Two weeks ago, my mother-in-law had surgery on her wrist. Last night she was in some pain, so my sister-in-law called the doctor and he phoned in a perscription. They picked it up, got it home, and went to use it only to discover that it contained Ibuprofen. My mother-in-law is allergic to Ibuprofen.
This sort of thing must be very common. The Center for Drug Safety reports 2.1 million cases of adverse drug interactions each year with 100,000 deaths. Other sources report similar numbers. Many of these could be prevented by a simple technique that has nothing to do with medicine and everything to do with IT: unique records.
Its perfectly plausible that one's medical record could be kept in a single location and accessed and updated via the Internet by each doctor, hospital, emergency room, EMT, and pharmacy you use. Provisions of HIPPA even makes keeping such a record up to date relatively automatic--providing common codes for different procedures and standardized ways of processing payments. Its frustrating to me to see a technically sound solution to a problem that could save many lives and untold suffering and not see it implemented.

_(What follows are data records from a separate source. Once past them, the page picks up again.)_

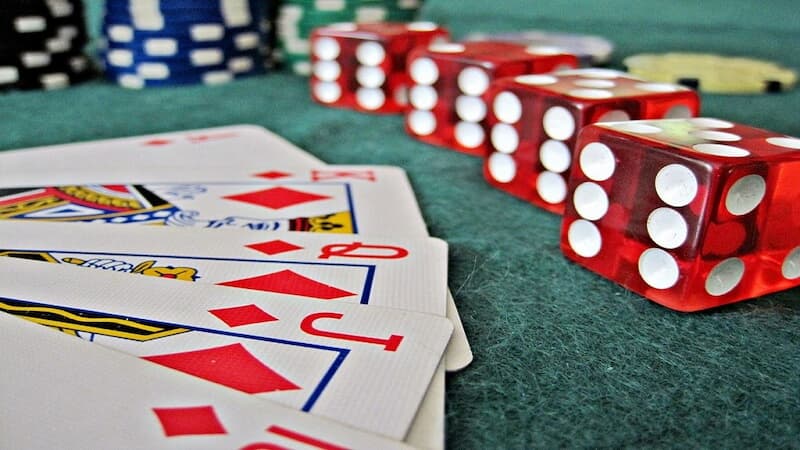 mau binh 1 Game bài Mậu Binh quen thuộc với nhiều người chơi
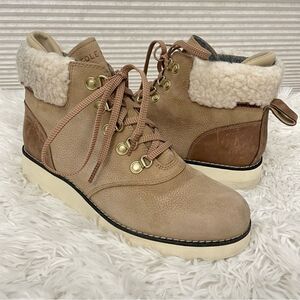 COLE HAAN Nantucket Rugged Waterproof Suede & Faux Fur Hikers Ankle Boots sz 7B‎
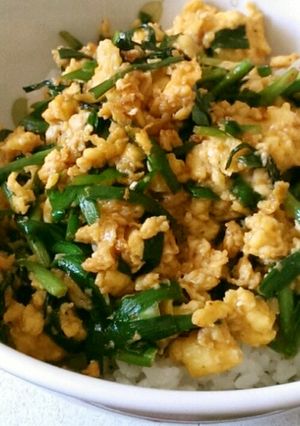 ボリューム満点！ニラ玉丼-レシピのメイン写真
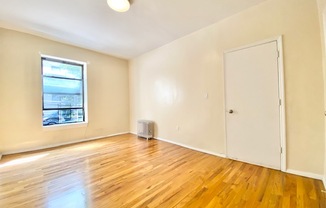 1 bed, 1 bath, $2,300, Unit 1-BB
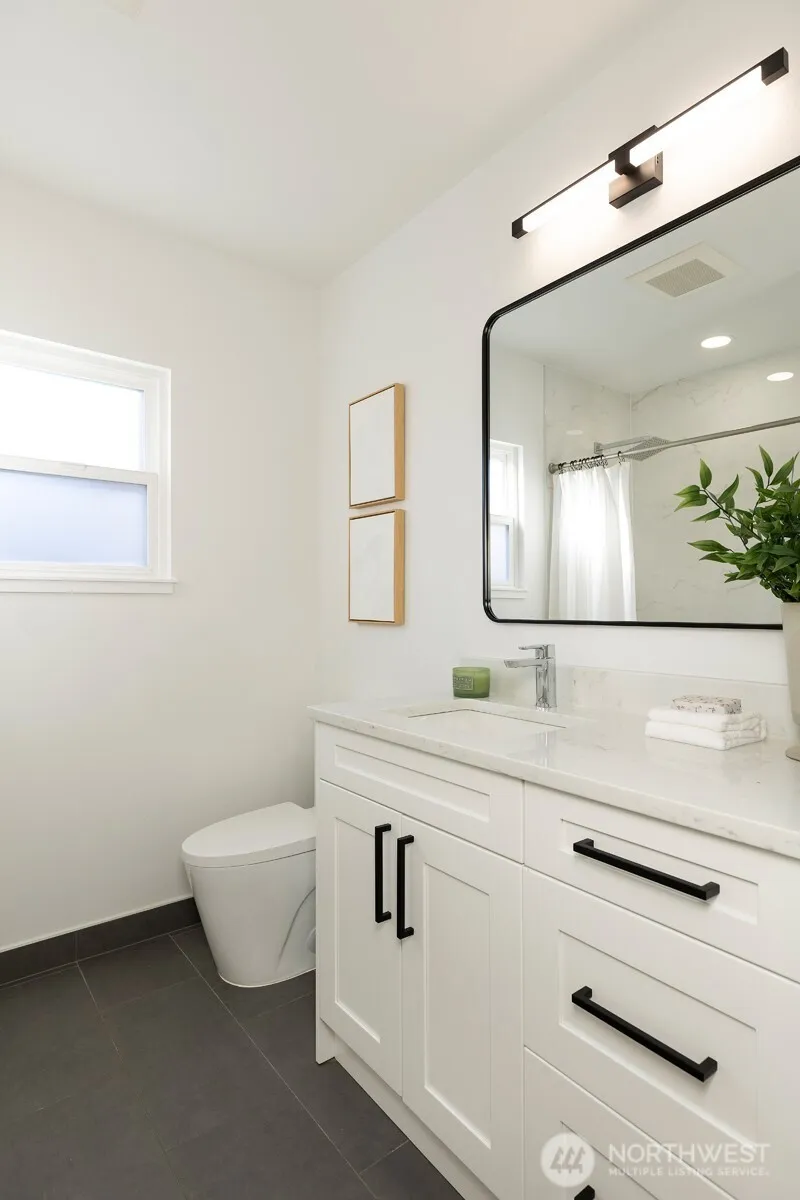 Property photo for 4747 Thackeray Place Ne, Seattle photo 16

What would it take to make this a reality? I think a large insurer like Blue Cross could make it happen now, if they were of a mind to. They already get your information and could store it. They could make using the online medical record by the doctor a condition of payment or give some other incentive. Why don't they? I don't know. I think it probably has something to do with controversy over who owns and controls the data in the medical record: you, the insurer, or the doctor? (HIPPA says the patient does, I believe) There's probably also some concern for liability. But I'm just guessing. Anyone else care to hazard any guesses?